En el fútbol muchas cosas han cambiado. En el pasado, los Estados se disputaban la realización de los mundiales, evento al que con justa causa veían como una oportunidad para generar atracción, estimular el turismo y las inversiones y ganar prestigio. Sin embargo, esto se ha transformado en el último tiempo, pues quedan al descubierto contradicciones por la desproporción a la hora de invertir, y lo que se supone es un evento deportivo, termina utilizándose como cortina de humo en la que Estados imponen una imagen a expensas del deporte.
El mundial de Qatar, sobre el que existen fundadas dudas sobre la designación de esa sede -entre las que abundan acusaciones por sobornos y se suman las denuncias sobre explotación laboral y graves violaciones a los derechos humanos-, confirma una evolución en la que el fútbol pasó de atraer a convertirse en espacio donde se exponen contradicciones que generan una justificada indignación.
Qatar está construido sobre una amplia base migratoria que sobrepasa a los nacionales. El sistema de empleo para migrantes, denominado kafala, existente en otras zonas del Medio Oriente y consiste en un empleador que es casi dueño del trabajador al que impone condiciones disponiendo de facultades como la solicitud de cancelación del permiso de residencia, con lo cual en cualquier momento puede quedar en condición irregular. El trabajador tampoco tiene derecho a cambiar de empleo.

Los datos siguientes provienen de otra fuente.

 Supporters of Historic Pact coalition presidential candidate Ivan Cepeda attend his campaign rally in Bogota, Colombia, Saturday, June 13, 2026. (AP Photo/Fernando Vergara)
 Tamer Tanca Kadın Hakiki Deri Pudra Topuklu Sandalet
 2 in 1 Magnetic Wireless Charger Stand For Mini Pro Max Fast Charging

El diario británico The Guardian denunció en 2021 que habrían muerto unos 6.500 trabajadores provenientes de Estados con grandes carencias sociales como Bangladesh, India, Nepal, Pakistán y Sri Lanka. Lo más grave es que no existe claridad respecto a estas muertes y la FIFA, en varias ocasiones, ha tratado de restarle importancia para no empañar el evento deportivo. Esto demuestra la enorme dificultad que hoy enfrentan los Estados para evadir su responsabilidad por estas graves omisiones o violaciones.
Basta recordar el Mundial de 1978 en Argentina, punto de inflexión en la historia del deporte y los derechos humanos. A metros del estadio Monumental donde se jugaban los partidos, se torturaba a inocentes en las Escuela de Mecánica de la Armada. Con el paso del tiempo, han emergido las historias de futbolistas que reconocían plena consciencia sobre lo que allí sucedía y el remordimiento que supone su silencio frente al dolor de las madres y abuelas que indagaban por sus allegados secuestrados bajo el esquema de vigilancia total.

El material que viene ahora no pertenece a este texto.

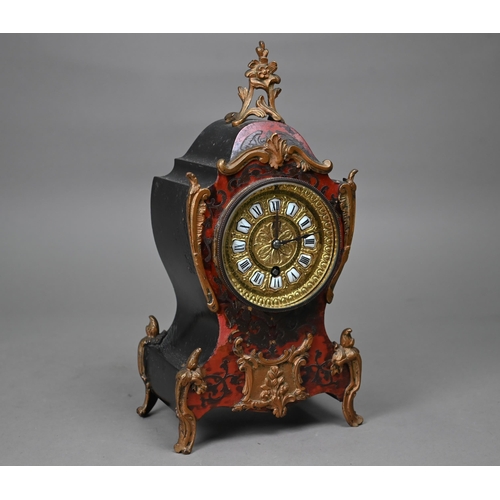 527 - A late 19th century French Boulle mantel clock in the Rococo Revival manner with gilt metal mounts a... 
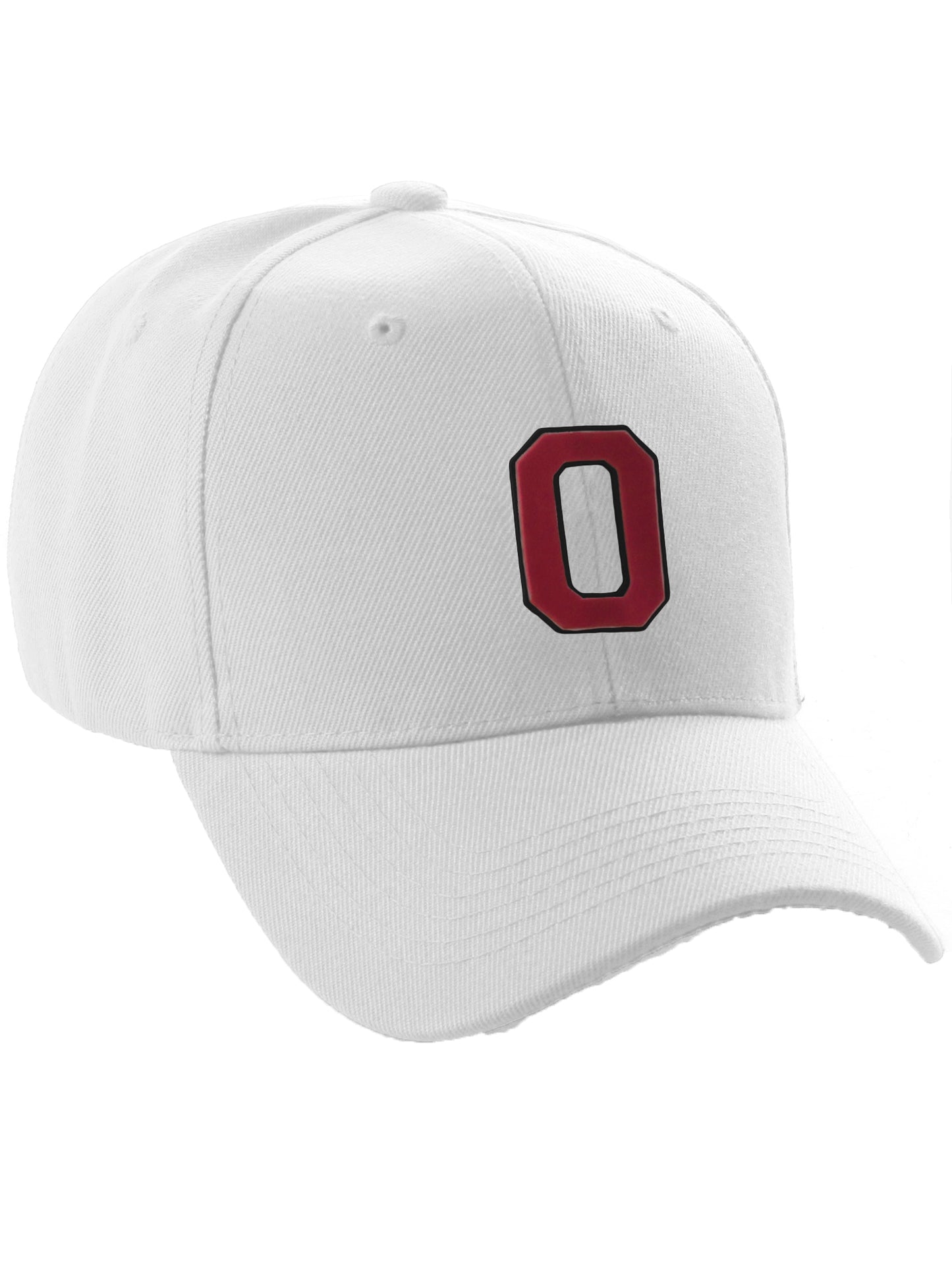 Classic Baseball Hat Custom A to Z Initial Team Letter, White Cap Black Red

De forma más reciente, en Brasil, en la Copa Confederaciones de 2013, antesala al Mundial, las protestas fueron común denominador y se temió que se extendieran y terminaran por empañar la Copa Mundo, que terminó desarrollándose con menos manifestaciones sociales de las previstas. De todos modos, la polémica por las construcciones de estadios faraónicos en regiones deprimidas, cuyo uso se agotaba en el Mundial, dejó al descubierto la ausencia de proporcionalidad en las prioridades sociales en uno de los Estados mas desiguales del mundo. Ahora con Qatar la polémica revive con más fuerza.
En un gesto inédito la FIFA decidió suspender a Rusia de la cita deportiva para protestar contra la guerra en Ucrania. Sin embargo, no hay forma de explicar que jamás se hubiese pensado en aplicar sanciones similares a otros Estados violadores de derechos humanos. Para la muestra, Arabia Saudí que jugará, a pesar del aumento de las ejecuciones y la persecución, aprovechando la necesidad energética de Occidente que le permite liberarse de la presión en torno de los DD. HH. El 26 de noviembre a las 8 am (hora colombiana) Arabia Saudi jugará contra Polonia, uno de los gestores de sanciones contra Rusia, sin asomo de boicot, crítica o siquiera reclamo.